- Born: 8 August 1926 Kvam Municipality, Hardanger, Norway
- Died: 31 January 2010 (aged 83) Bergen Municipality, Hordaland, Norway
- Spouse: Milly Aksnes
- Scientific career
- Fields: Organic chemist
- Institutions: University of Bergen Forsvarets Forskningsinstitutt

= Gunnar Aksnes =

Norwegian chemist and poet

Gunnar Aksnes (8 August 1926 in Kvam, Hardanger – 31 January 2010 in Bergen, Hordaland) was a Norwegian chemist and poet, the brother of the astronomer Kaare Aksnes, married to Milly Aksnes (b. 1928)

== Career ==
Aksnes started his studies in 1945 at the University of Oslo where he completed Mag.Scient exam in 1951. He was then employed by the Norwegian Forsvarets Forskningsinstitutt (FFI), and where he worked with problem related to chemical warfare agent until 1960. Then turning his Heimatt to the West Coast, to assistant professor of organic chemistry at the Department of Chemistry at the University of Bergen (UiB). In 1962 Aksnes defended his Dr.Philos. degree, and was appointed Professor of Organic Chemistry at the UiB in 1966, a position he filled with relish until he resigned in August 1993. Some years after this he was still active at the Department of Chemistrywith holding a senior scholarship from 'Norges Allmennvitenskapelige Forskningsråd' (NAVF).

His academic interests ranged wide. Through his work on nerve gases at FFI he was attracted to the phosphorus chemistry. This was his major research field in which he published articles through the years, including many important scientific works that made his name well known in the scientific community world wide. In the late 1970s he started to work with chemical problems connected to environmental issues. As one of the first chemists in Norway, he recognized the importance of inter-disciplinary cooperation when scientists work on solving multi-disciplinary problems. He took a strong interest in NAVF major Research program on marine pollution and built up a team of specialists in oil chemistry at the University of Bergen, together with younger employees. Later he focused on pollution of lakes, and here his knowledge of chemistry came to its right, when he extracted new knowledge from the previously published data.

Aksnes was a popular lecturer, and all his students at the basic course in organic chemistry remember his loudly, involved explanations about organic molecule that moves and reacts. As a student mentor, he was always interested in the work of the students, and he asked critical questions that helped developing critical thinking and expanded the mind of the student. He also raised critical questions in popular scientific articles in professional magazines, the last concerning the mercury of the German U-boat in the fjord off Fedje. Through articles and interviews in the press, and through several popular books on environmental issues for nonscientists, he showed his engagement throughout his lifetime.
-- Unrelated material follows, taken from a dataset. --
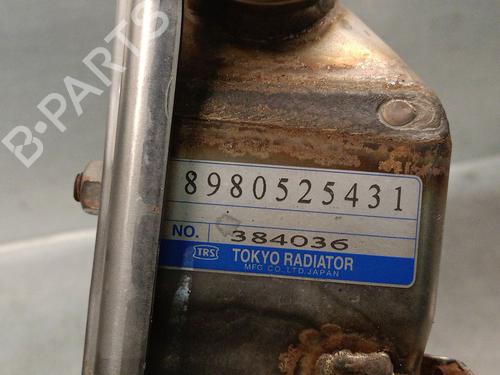 Egr OPEL ASTRA H (A04) 1.7 CDTI (L48) | BP31956353M69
He served in several administrative tasks, not only on at the Faculty of Mathematics and Natural Sciences (Dean 1969-72) and head of the Chemical institute (1991–93) at UiB, but also as a member of Council of Natural Sciences at NAVF (1970–76, as leader 1970–71).

Aksnes also wrote poems, and in 2001 he published the book Med penn og pensel i Hardanger (With pen and brush in Hardanger) with the publisher 'Hardangerforlaget' in Øystese. The book was richly illustrated by his wife Milly Aksnes. The poems in the book were written in the period from 1970 to 2001, and the illustrations are inspired by the scenery of Hardanger.